§ **Brief**
Set down only these lines, exactly: the line containing "Iridescent Teapot Cube" and all lines through the end of the data below. Omit pictures.

§ **Listed entries**
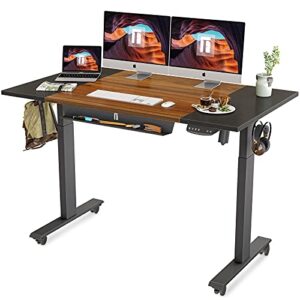 fezibo height adjustable electric standing desk with pencil holder, 48 x 24 inches stand up desk, sit stand desk with black and espresso top and black frame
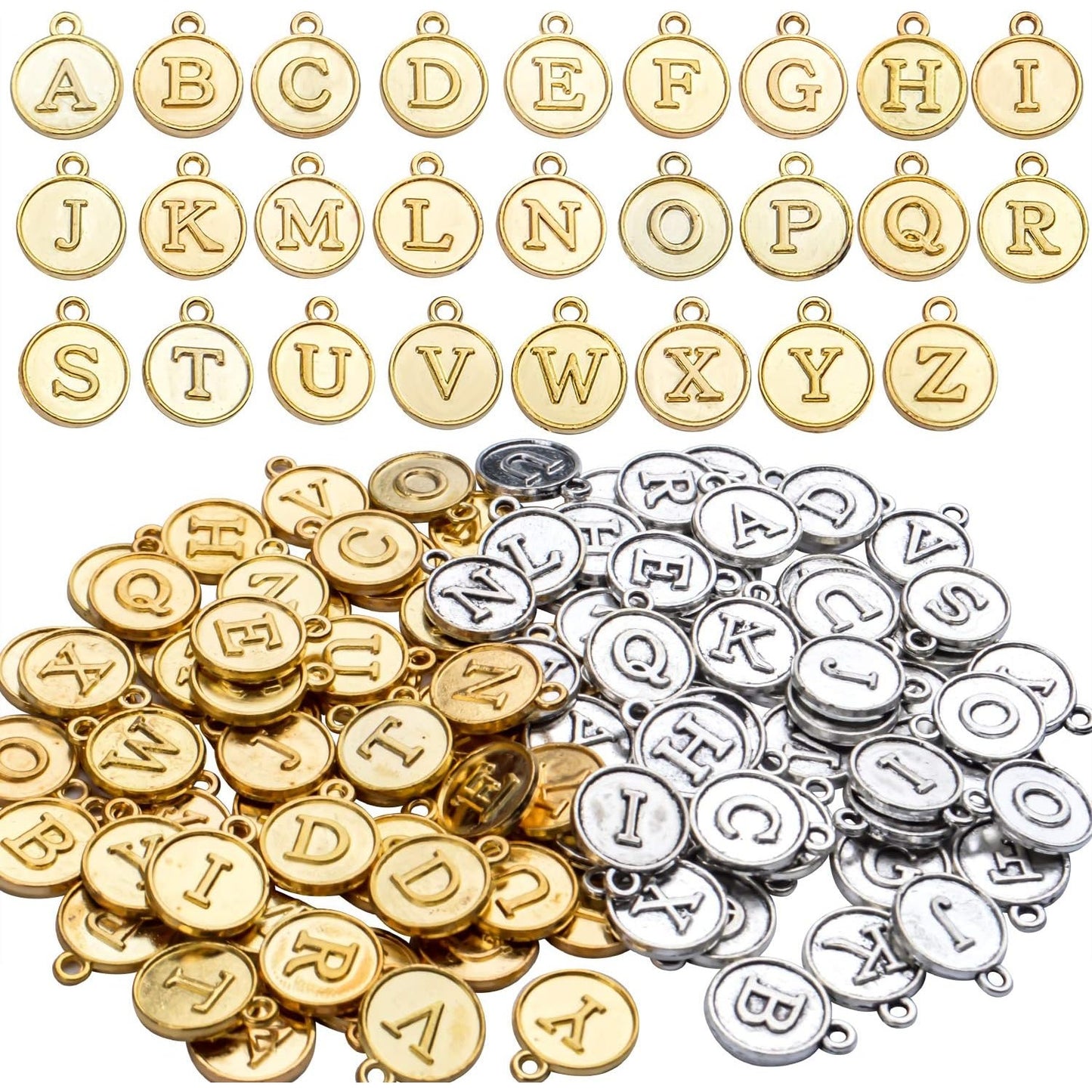 4 Sets(104 pcs) Alloy A-Z Initial Alphabet Letter Mixed Charms Pendants for DIY Jewelry Making,Bracelet and Crafting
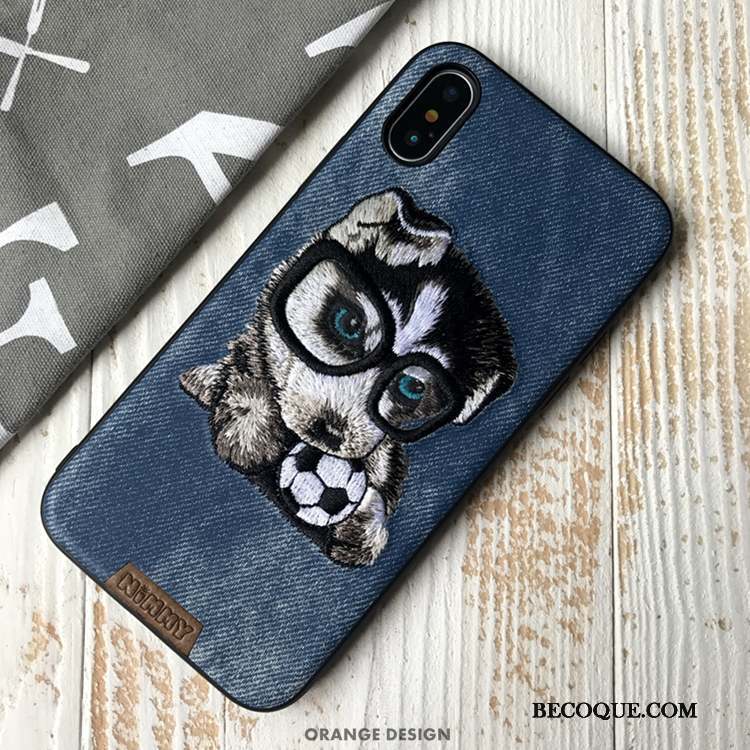 iPhone Xs Silicone Broderie Marque De Tendance Chat Tout Compris Coque De Téléphone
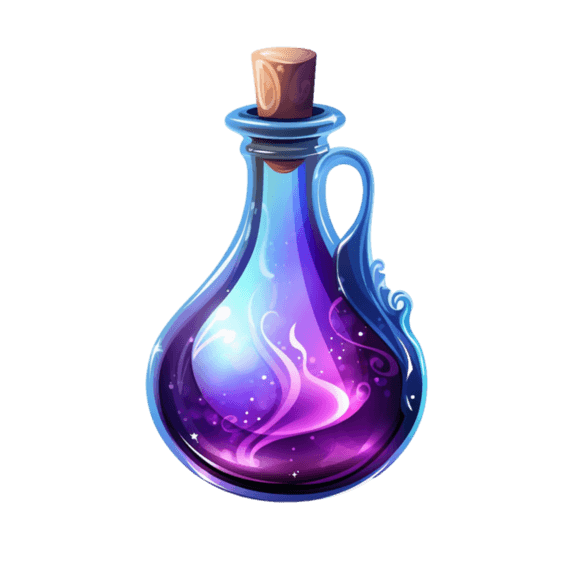 创意写实紫色药瓶魔法药瓶元素免抠图案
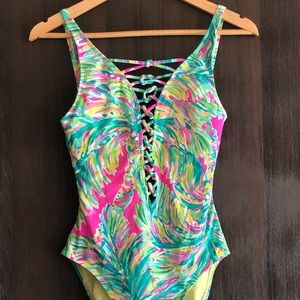 Lilly Pulitzer Isle Lattice One-Piece Swimsuit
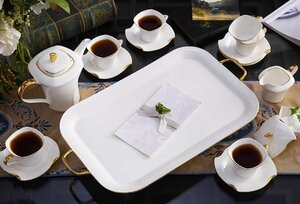 高品質　茶器 ポット カップ ミルクポット シュガーポット　15点セット　洋食器 テーブルウェア インテリア アフタヌーンティー　ms0303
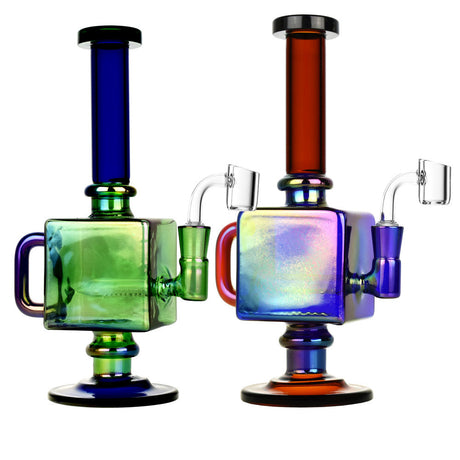 Iridescent Teapot Cube Inline Rigs with 14mm Female Joint, Borosilicate Glass, Front and Angle View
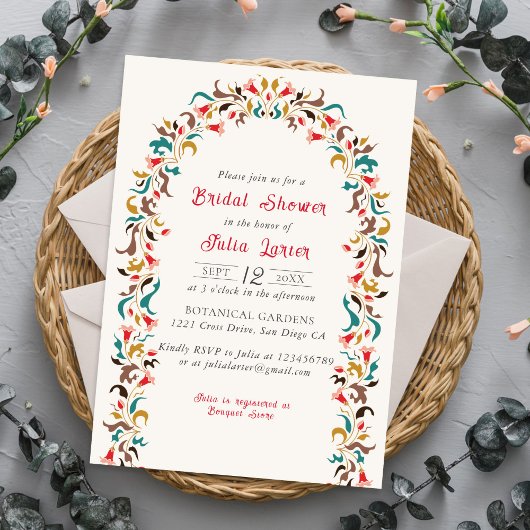 Invitation Moderne Romantique Élégant FloralWreath Fête des m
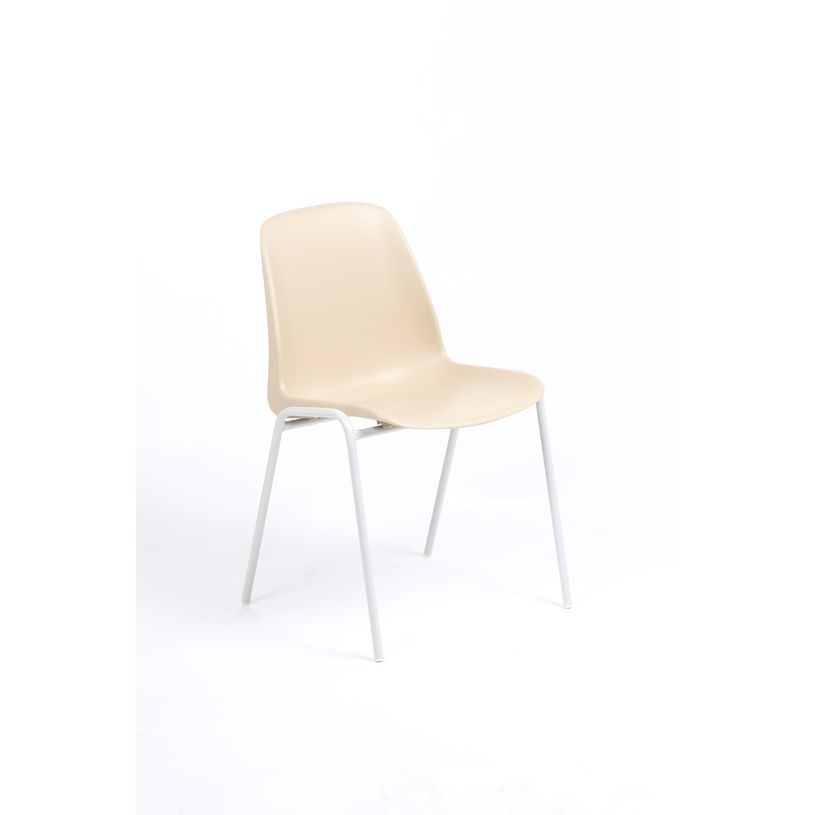 3701338800511-Chaise CHARLOTTE - pieds blancs sans accroche - coque M1 (non feu) - beige-P_79438554_1-0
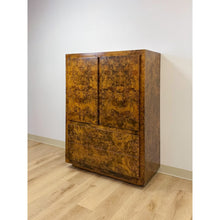Load image into Gallery viewer, Vintage John Stuart MCM Burlwood Tallboy Armoire, Drawers and Doors, Collectable
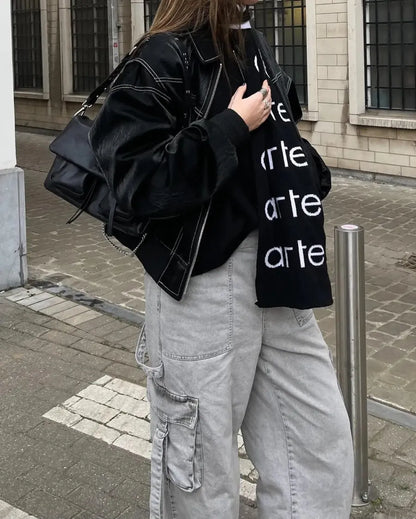 Veste en Cuir Élégante Femmes avec Revers Oversized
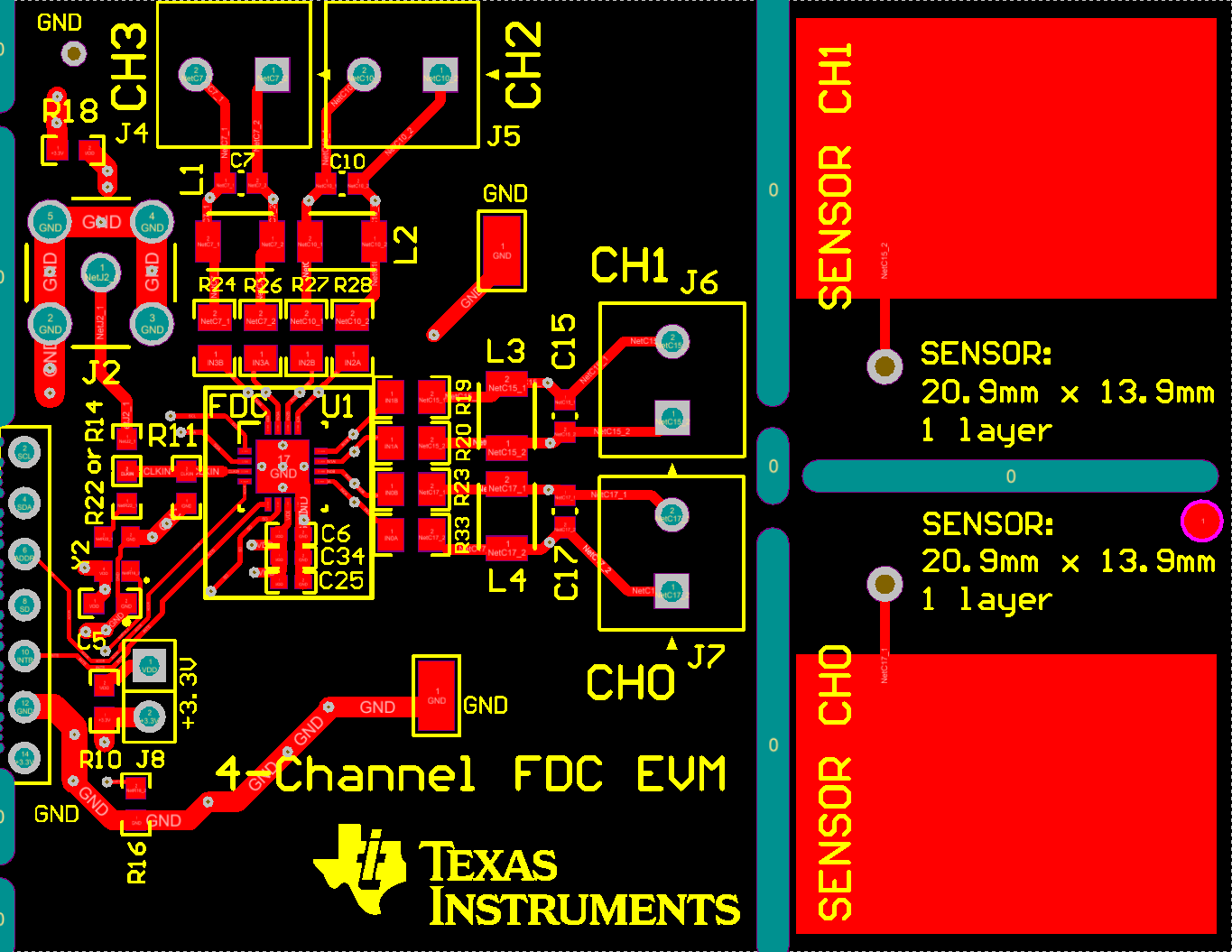 FDC2212 FDC2214 FDC2112 FDC2114 PCB レイアウトの例：最上層 (信号)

§ **Result**
 Iridescent Teapot Cube Inline Rigs with 14mm Female Joint, Borosilicate Glass, Front and Angle View
 Invitation Moderne Romantique Élégant FloralWreath Fête des m
 3701338800511-Chaise CHARLOTTE - pieds blancs sans accroche - coque M1 (non feu) - beige-P_79438554_1-0
Load image into Gallery viewer, Vintage John Stuart MCM Burlwood Tallboy Armoire, Drawers and Doors, Collectable
 Veste en Cuir Élégante Femmes avec Revers Oversized
 FDC2212 FDC2214 FDC2112 FDC2114 PCB レイアウトの例：最上層 (信号)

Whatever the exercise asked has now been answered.